== Recorded data ==
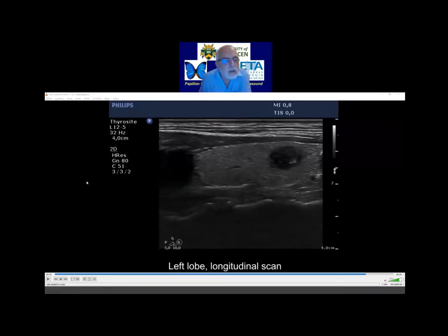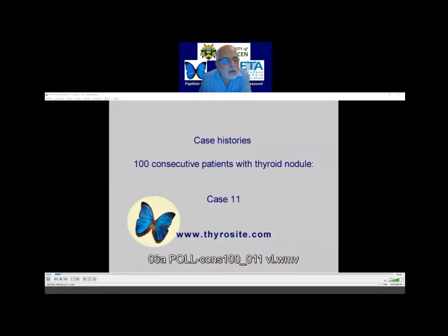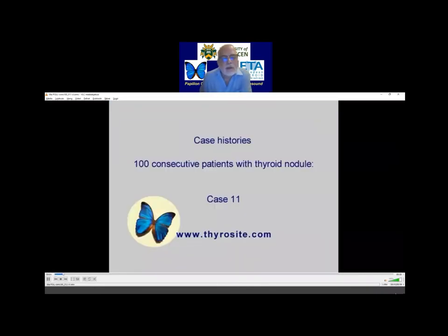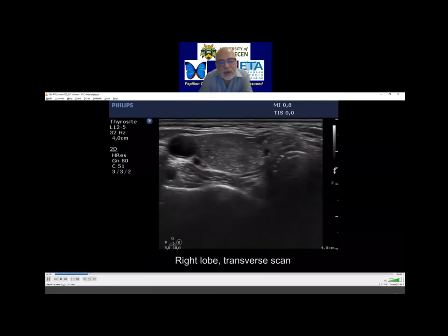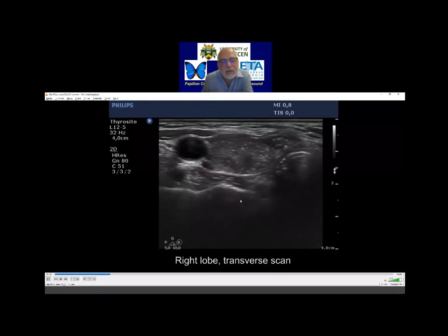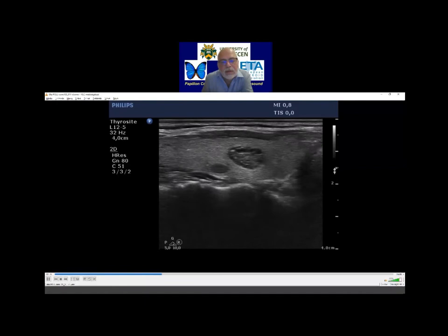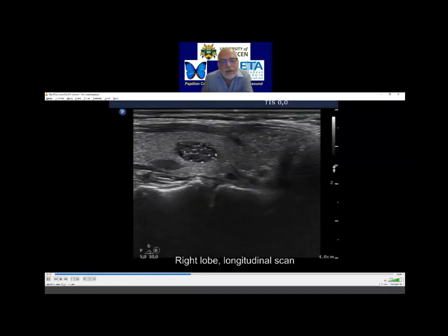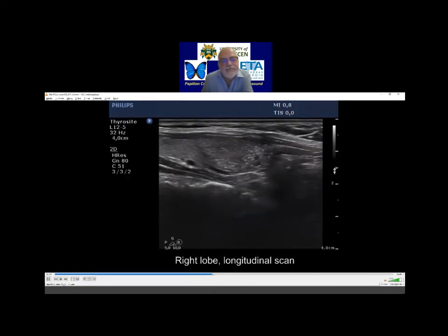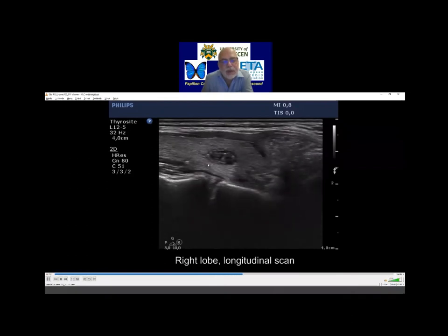I will present the next case and I ask you to answer the questions. The question is: what internal echogenic figures does the smaller module contain? So I start again — the question relies on the smaller module, not on the larger one. What internal figures does this module have — not this one, but this one.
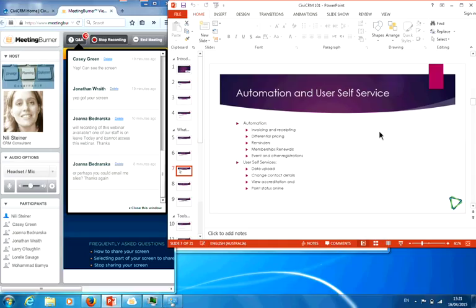The automation includes user self-service. You can automate your invoicing and receiving. You can implement differential pricing — when you put an event online, you can say this is the price for non-members and this is the price for members, so the system decides in advance which pricing to show based on whether the person logging in is a member. There are many scheduled reminders you can set for membership renewals, upcoming events, and anything else. User reminders are email reminders, but you can also add an SMS provider, and then messages can be texted to people when you want.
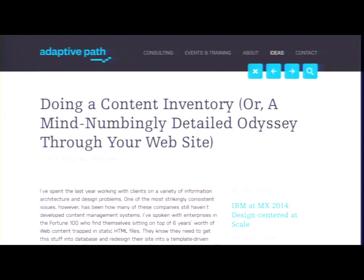First, content inventories. Way back in 2002, Jeff Veen wrote an article on Adaptive Path about the process they used to redesign websites for clients. It has a downloadable template spreadsheet and describes the kinds of things they would inventory when starting a design process. Back then, a lot of the sites they were redesigning didn't even have a content management system — they were directories full of HTML files. It's still very relevant today.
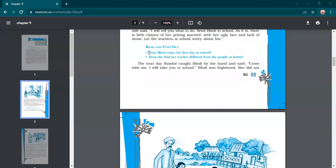Page number 55. The first two questions we have already done. Now: does Bholi enjoy her first day at school? Please raise your hands. Many students are there — please participate while giving the answers. We have done this chapter in detail in class.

== Work to be completed ==
Retyped exactly, the lines from the one holding "The automation includes" through the last line of the data above are the whole answer. Pictures stay out.

== Reply ==
The automation includes user self-service. You can automate your invoicing and receiving. You can implement differential pricing — when you put an event online, you can say this is the price for non-members and this is the price for members, so the system decides in advance which pricing to show based on whether the person logging in is a member. There are many scheduled reminders you can set for membership renewals, upcoming events, and anything else. User reminders are email reminders, but you can also add an SMS provider, and then messages can be texted to people when you want.
First, content inventories. Way back in 2002, Jeff Veen wrote an article on Adaptive Path about the process they used to redesign websites for clients. It has a downloadable template spreadsheet and describes the kinds of things they would inventory when starting a design process. Back then, a lot of the sites they were redesigning didn't even have a content management system — they were directories full of HTML files. It's still very relevant today.
Page number 55. The first two questions we have already done. Now: does Bholi enjoy her first day at school? Please raise your hands. Many students are there — please participate while giving the answers. We have done this chapter in detail in class.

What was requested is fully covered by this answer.